# Alaska Roadway Questions



## Dubllung4 (Dec 29, 2009)

A friend of mine is living in Anchorage next summer, and I am in the process of planning a trip out there to see him sometime around the end of July or beginning of August. This may be a once in a lifetime trip for me, and I would like to fish every chance possible, but he does not have much experience/knowledge fishing out there. I have done a lot of research but there is a ton of information out there and I am having a hard time putting together a plan so I am looking for suggestions. I am not picky about species, I would just like a fun Alaskan fishing experience. I am planning on booking a Halibut/salmon charter but other than that I am up for anything. So for those of you that have done it, what would you recommend within driving distance of Anchorage? We will likely be camping and long hikes are not a problem. Thanks in advance


----------



## BigWoods Bob (Mar 15, 2007)

We fished Montana Creek (at the mouth of the Susitna), and did well, but that was in 2002.


----------



## iceassasin (Jan 27, 2009)

I guided along the streams of the parks highway in 08. I mainly fished the Little Willow but have fished Sheep, the little Su, Montana, Kashwitna, Willow etc. That time of year is the best in my opinion. I was up there this past summer during the king run (june/early July) and it was dismal to say the least. Should be pinks regardless of the year, chums and silver's. The silver's are a riot. Check the regs but if you can get some Skein float fishing can be awesome! There are plenty of spots to hike into but to really get to the best water on those rivers, a float trip would be best. There are decent sized trout and grayling as well. I would also recommend driving up to Peters creek on the way to petersville. Had a blast there as well! Let me know if you need specifics on anything!


----------



## tda513 (Oct 24, 2011)

Buy this book, it helped me a ton during my first trip to Alaska.

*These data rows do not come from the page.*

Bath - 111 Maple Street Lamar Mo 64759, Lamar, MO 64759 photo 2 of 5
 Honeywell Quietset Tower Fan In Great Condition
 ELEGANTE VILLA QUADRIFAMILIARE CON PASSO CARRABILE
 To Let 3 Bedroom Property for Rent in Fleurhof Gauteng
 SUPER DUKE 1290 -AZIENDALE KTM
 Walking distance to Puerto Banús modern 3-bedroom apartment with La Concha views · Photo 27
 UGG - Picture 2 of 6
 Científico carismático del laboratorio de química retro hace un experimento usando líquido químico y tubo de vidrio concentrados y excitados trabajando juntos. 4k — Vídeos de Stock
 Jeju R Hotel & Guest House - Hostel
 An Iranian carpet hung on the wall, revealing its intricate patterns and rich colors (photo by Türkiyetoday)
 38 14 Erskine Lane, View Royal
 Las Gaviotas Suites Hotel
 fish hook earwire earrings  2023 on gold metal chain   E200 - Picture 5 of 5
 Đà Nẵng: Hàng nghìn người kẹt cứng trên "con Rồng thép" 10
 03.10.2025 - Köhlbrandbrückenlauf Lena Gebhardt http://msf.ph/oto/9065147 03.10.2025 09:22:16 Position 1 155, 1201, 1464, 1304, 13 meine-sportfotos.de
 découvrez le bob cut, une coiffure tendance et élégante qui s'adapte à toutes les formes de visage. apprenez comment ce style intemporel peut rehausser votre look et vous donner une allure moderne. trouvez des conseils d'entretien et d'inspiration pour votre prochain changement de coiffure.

https://www.amazon.com/Highway-Angler-Fishing-Alaskas-System/dp/1578335965


----------



## 6Speed (Mar 8, 2013)

tda513 said:


> Buy this book, it helped me a ton during my first trip to Alaska.
> 
> https://www.amazon.com/Highway-Angler-Fishing-Alaskas-System/dp/1578335965


I wouldn't go there without this book unless it's a guided trip.


----------



## brushbuster (Nov 9, 2009)

If you want a fun experience and get away from crowds. Go to talkeetna. Get on the flagstop train towrads curry and get off at Indian river. You could also do a drop off by boat to clear creek from talkeetna for silver salmon at the mouth of the clear and the talkeetna, check with mayhay for drop offservice. Take a hike up clear creek for fantastic bow fishing. Petersville rd is a lot of fun Also. I lived at mile 10 for a few years.
Montana creek up stream from Yoder bridge will get you into good bow fishing by your lonesome. Jim creek in palmer is a fun local hole for silvers. Be cautious getting in on that road though. Sunshine creek up in talkeetna is another fun local hole for silvers.
I highly recommend the flag stop train to Indian creek though you will be in a wilderness setting and just a few local anglers to share the trout with in spectacular scenery


----------